══ DATA LISTING ══
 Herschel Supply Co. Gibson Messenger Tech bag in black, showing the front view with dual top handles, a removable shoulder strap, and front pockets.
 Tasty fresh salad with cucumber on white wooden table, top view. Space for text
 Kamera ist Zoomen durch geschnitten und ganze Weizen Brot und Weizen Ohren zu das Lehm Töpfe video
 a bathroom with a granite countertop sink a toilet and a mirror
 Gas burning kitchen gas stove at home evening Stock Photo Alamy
═══
══ DATA LISTING ══
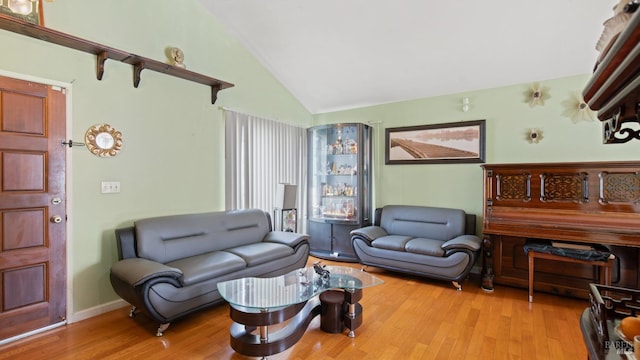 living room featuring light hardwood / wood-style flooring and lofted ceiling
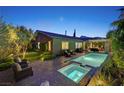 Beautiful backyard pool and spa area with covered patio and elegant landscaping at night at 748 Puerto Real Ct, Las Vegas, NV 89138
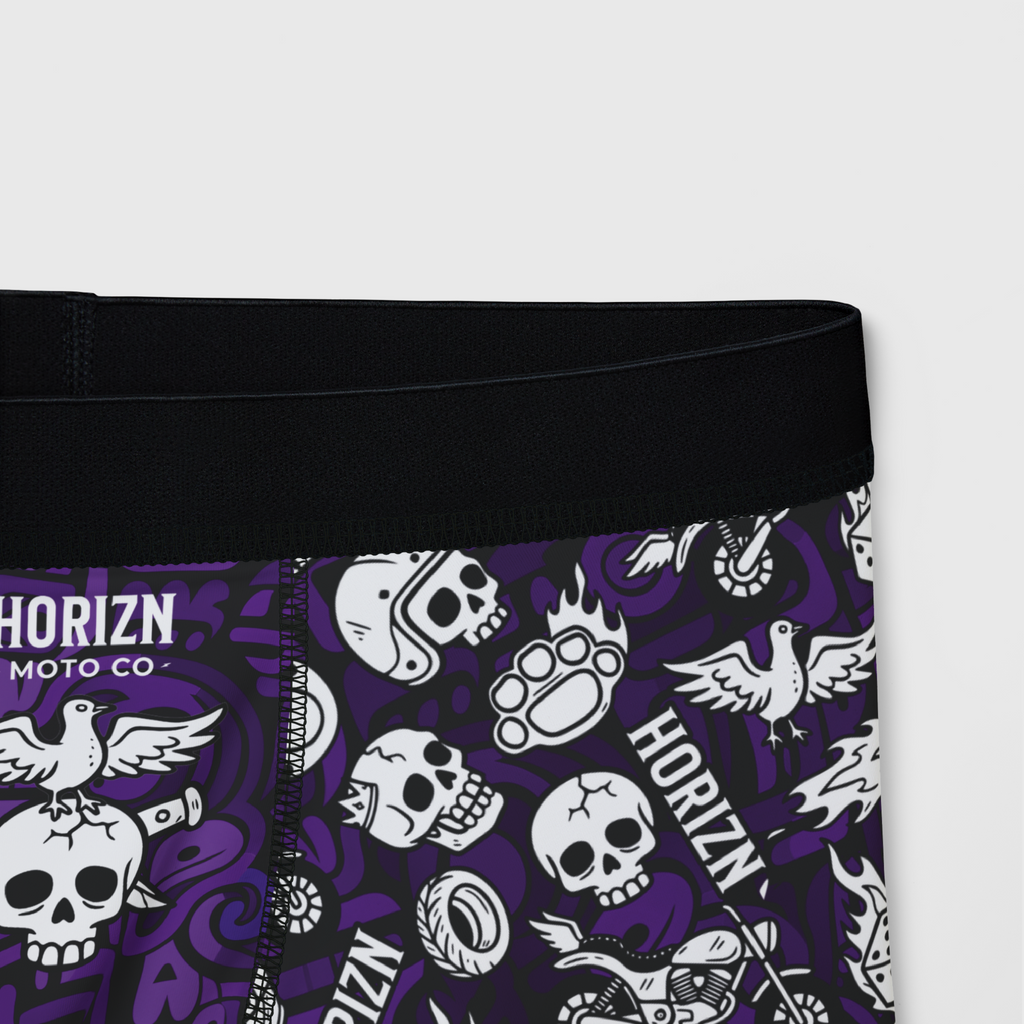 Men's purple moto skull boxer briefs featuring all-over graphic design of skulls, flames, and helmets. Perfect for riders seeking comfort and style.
═══
ABOUT THIS EXERCISE →
Track down all lines above with the string "view" and copy them.

TASK ANSWER →
 Herschel Supply Co. Gibson Messenger Tech bag in black, showing the front view with dual top handles, a removable shoulder strap, and front pockets.
 Tasty fresh salad with cucumber on white wooden table, top view. Space for text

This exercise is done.